Germany Expels Russian Diplomats, Accuses Moscow Of “Bourne-Style” Assassination

Germany Expels Russian Diplomats, Accuses Moscow Of “Bourne-Style” Assassination

Russia’s foreign ministry has slammed Germany for its “unjustified” and “unfriendly” move to expel two of its diplomats from the Russian Embassy in Berlin, in what’s fast becoming a major international row between the two countries. A Russian government spokesman also said it smacked of “Russophobic hysteria”.

Germany says Russia has been uncooperative in the ongoing investigation of the murder of Zelimkhan Khangoshvili, a 40-year-old former Chechen rebel commander found to have have been shot in the head from behind at a central Berlin park in August. German officials and media said it had all the hallmarks of a covert Russian hit job, alleging the Chechen Islamist who had been wanted by Russian authorities was victim of a brazen state-sponsored ‘assassination’ in a public space, similar to the Skripal case.

Zelimkhan Khangoshvili

Germany expelled the Russian diplomats as a punitive action over the case. On Wednesday the Russian Foreign Ministry promised to respond in kind: “We are forced to implement an array of retaliatory measures,” a statement read.

And Russian Ambassador to Germany Sergey Nechaev vowed the dramatic moved will inevitably “result in a most negative effect on the Russian-German relationship.”

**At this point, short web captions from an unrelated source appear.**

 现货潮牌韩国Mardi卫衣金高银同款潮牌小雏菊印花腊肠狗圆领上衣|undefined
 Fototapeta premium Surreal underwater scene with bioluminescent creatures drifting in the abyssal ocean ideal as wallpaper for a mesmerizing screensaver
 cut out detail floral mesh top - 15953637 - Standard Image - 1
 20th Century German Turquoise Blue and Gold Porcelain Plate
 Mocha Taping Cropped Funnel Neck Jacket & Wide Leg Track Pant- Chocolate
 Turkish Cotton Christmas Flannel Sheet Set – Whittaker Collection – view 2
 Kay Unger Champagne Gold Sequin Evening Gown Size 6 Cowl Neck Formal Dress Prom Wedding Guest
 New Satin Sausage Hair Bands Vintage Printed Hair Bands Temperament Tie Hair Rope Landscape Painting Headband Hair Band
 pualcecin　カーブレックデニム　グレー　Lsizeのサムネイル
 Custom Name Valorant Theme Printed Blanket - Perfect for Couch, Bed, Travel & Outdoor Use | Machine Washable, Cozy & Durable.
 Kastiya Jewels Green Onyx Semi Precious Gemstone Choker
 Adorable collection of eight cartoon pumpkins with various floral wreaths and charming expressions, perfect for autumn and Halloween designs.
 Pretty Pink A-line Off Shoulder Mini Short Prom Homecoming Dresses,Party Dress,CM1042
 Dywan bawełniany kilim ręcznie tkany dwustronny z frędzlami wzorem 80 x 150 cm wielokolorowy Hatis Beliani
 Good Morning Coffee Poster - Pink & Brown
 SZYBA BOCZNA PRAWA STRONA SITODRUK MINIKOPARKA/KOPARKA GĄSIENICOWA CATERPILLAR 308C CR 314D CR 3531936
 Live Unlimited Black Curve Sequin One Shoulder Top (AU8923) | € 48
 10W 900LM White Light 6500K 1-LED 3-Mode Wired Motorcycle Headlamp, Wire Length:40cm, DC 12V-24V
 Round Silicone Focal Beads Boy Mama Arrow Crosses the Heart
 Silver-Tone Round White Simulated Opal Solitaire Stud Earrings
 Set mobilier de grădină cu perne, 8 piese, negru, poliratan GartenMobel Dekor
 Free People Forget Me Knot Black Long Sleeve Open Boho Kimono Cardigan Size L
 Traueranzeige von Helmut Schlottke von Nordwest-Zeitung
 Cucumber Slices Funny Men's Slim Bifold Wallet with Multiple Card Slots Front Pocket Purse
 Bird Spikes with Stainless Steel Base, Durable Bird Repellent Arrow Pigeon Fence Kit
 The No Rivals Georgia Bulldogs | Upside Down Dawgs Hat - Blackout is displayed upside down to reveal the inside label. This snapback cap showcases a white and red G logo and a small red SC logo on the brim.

“There is and there has never been any evidence that Russian governmental structures have anything to do with this incident,” he said, according to Russian media. German investigators also believe officials in the Autonomous Chechen Republic — a federal zone subject of Russia — could be behind the killing.

However, Germany’s federal prosecutor on Wednesday said the targeted killing had Russian state and intelligence fingerprints all over it. “There are sufficient factual grounds to suggest that the killing… was carried out either on behalf of state agencies of the Russian Federation or those of the Autonomous Chechen Republic, as part of the Russian Federation,” the federal prosecutor said on Wednesday.

Open source investigators and media sites later named the suspected killer, now in German custody as Vadim Nikolayevich Krasikov, 54. He had also allegedly killed a businessman in Moscow in 2013. Image via Moscow Times.

The details leading up to the daytime killing sound straight out of a Hollywood script or Jason Bourne movie, as the BBC summarizes:

The suspect was detained shortly after the killing when he was allegedly seen dumping a bike, pistol and a wig into the nearby River Spree. The prosecutor says the suspect flew from Moscow to Charles de Gaulle airport in Paris six days before the killing under the alias of Vadim S.

Vadim S appeared for the first time in a Russian domestic passport in 2015. Reports on Tuesday suggested his full name was Vadim Sokolov, 49, although that was not thought to be his real identity.

Vadim S is then said to have flown to Warsaw where he stayed in a hotel until 22 August.

The suspected hitman had been traveling in Germany under the guise of being on a work trip as a civil engineer. 

Khangoshvili, who had years prior reportedly survived another assassination attempt in his native Georgia after being deemed a terrorist by Moscow, had been walking back from a mosque he attended when a man on a bicycle rode up behind him and shot him twice in the back of the head, reportedly with a Glock 26 and silencer.

The killing took place in a popular Berlin park, via EPA-EFE.

Khangoshvili had reportedly fought in the second Chechen war against Russian forces in the North Caucasus in the early 2000’s, as well as against Russia during the 2008 Russo-Georgian War.

Germany’s Bild newspaper previously noted that Khangoshvili had survived no less than four total assassination attempts before getting asylum in Germany.